• ABOUT THIS EXERCISE: Copy the data exactly. Images are to be left out.

• PROVIDED MATERIAL:
☆ ☆ ☆

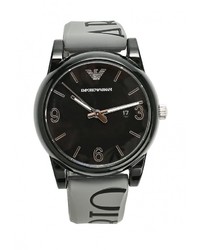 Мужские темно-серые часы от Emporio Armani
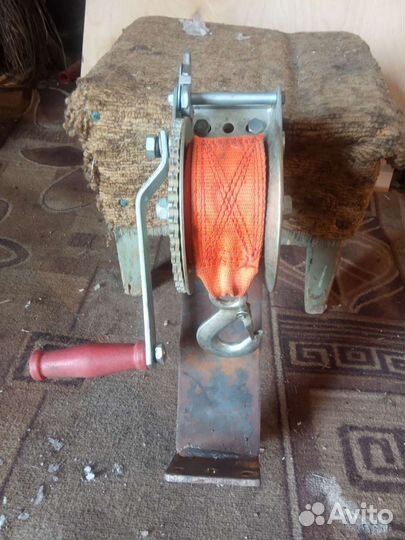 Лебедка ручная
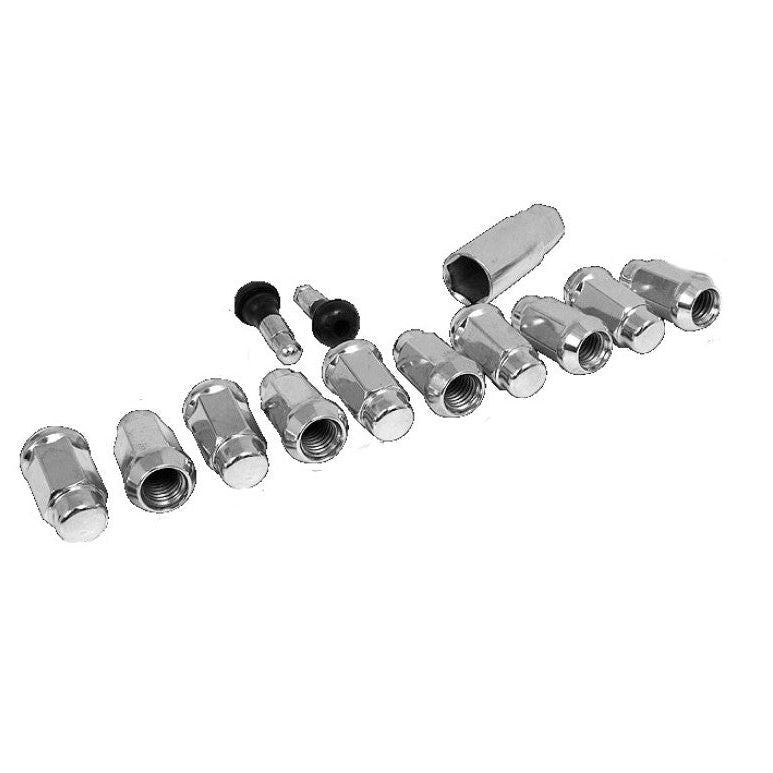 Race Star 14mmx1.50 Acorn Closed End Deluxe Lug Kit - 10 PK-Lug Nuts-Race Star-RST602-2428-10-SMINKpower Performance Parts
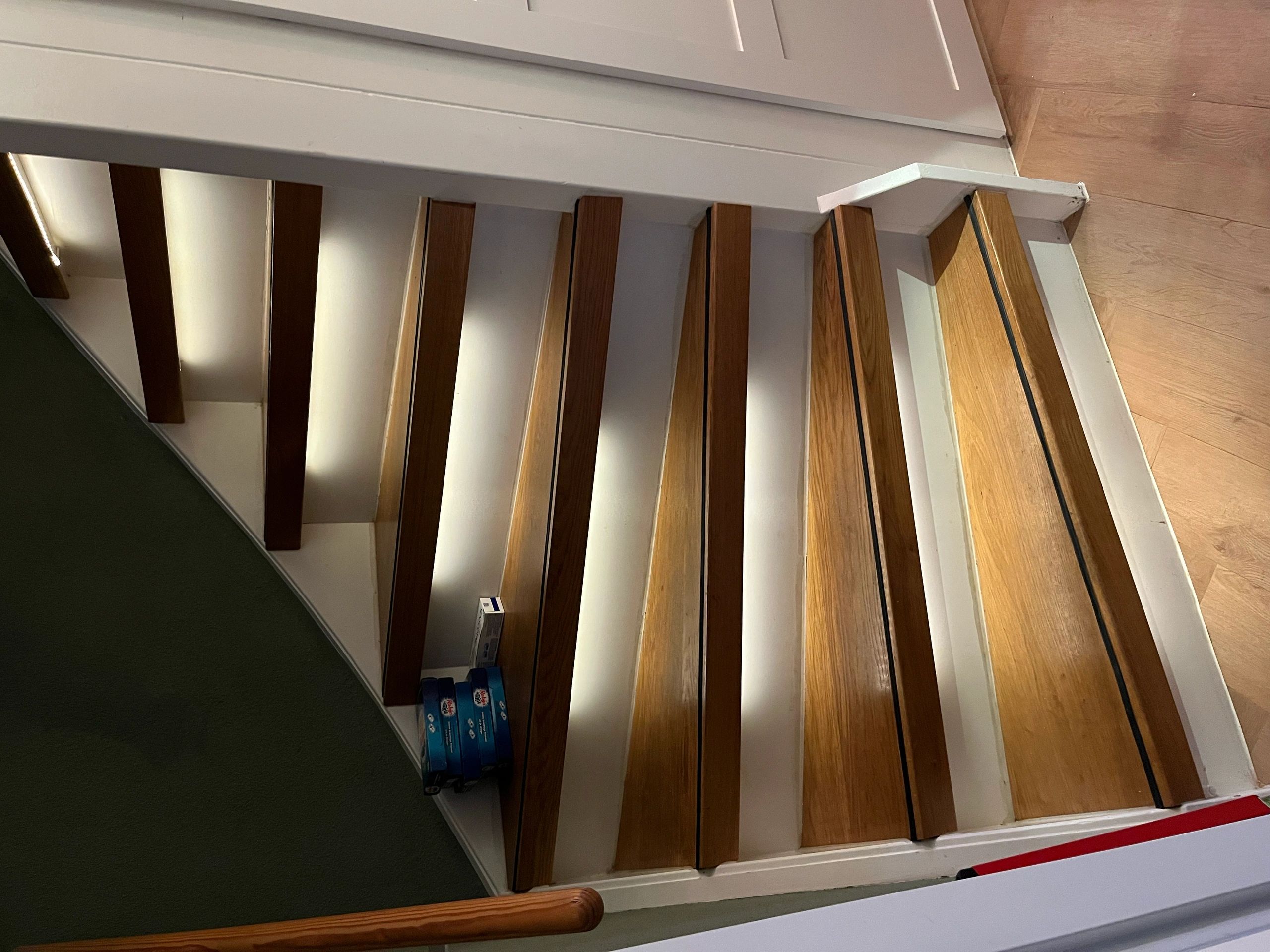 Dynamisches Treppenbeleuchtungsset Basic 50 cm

☆ ☆ ☆

• PROBLEM SOLUTION:
 Мужские темно-серые часы от Emporio Armani
 Лебедка ручная
 Race Star 14mmx1.50 Acorn Closed End Deluxe Lug Kit - 10 PK-Lug Nuts-Race Star-RST602-2428-10-SMINKpower Performance Parts
 Dynamisches Treppenbeleuchtungsset Basic 50 cm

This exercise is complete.